» DATA BLOCK
========

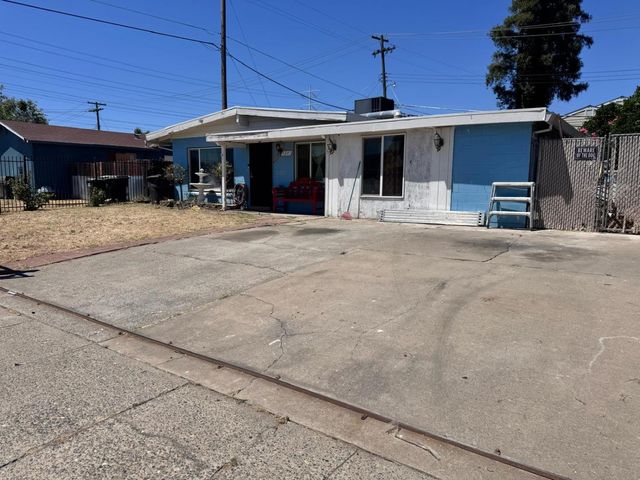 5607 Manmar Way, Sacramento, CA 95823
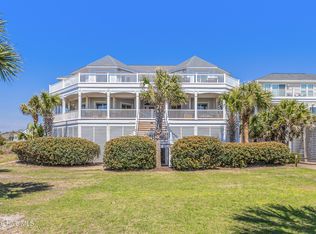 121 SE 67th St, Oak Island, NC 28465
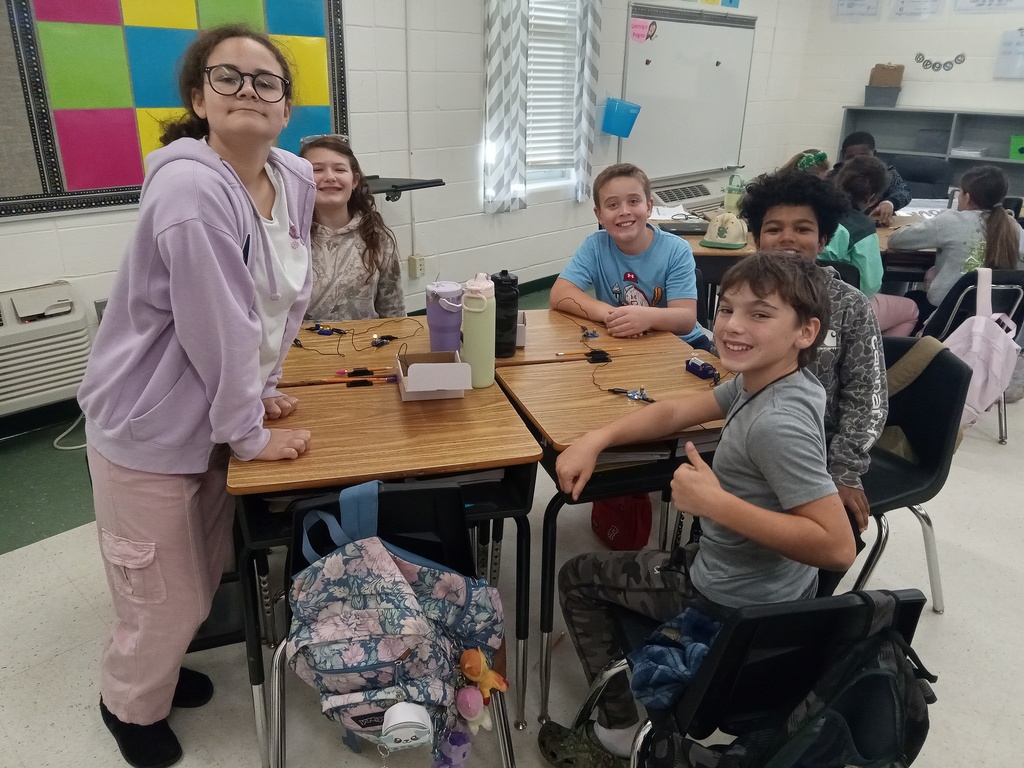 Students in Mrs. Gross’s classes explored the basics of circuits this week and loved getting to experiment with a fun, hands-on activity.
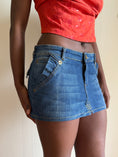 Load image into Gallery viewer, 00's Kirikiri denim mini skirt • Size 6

========

» WHAT THE TASK REQUIRES
Transcribe the whole listing above exactly and leave out the pictures.

» OUTPUT FOR THIS EXERCISE
 5607 Manmar Way, Sacramento, CA 95823
 121 SE 67th St, Oak Island, NC 28465
 Students in Mrs. Gross’s classes explored the basics of circuits this week and loved getting to experiment with a fun, hands-on activity.
 Load image into Gallery viewer, 00's Kirikiri denim mini skirt • Size 6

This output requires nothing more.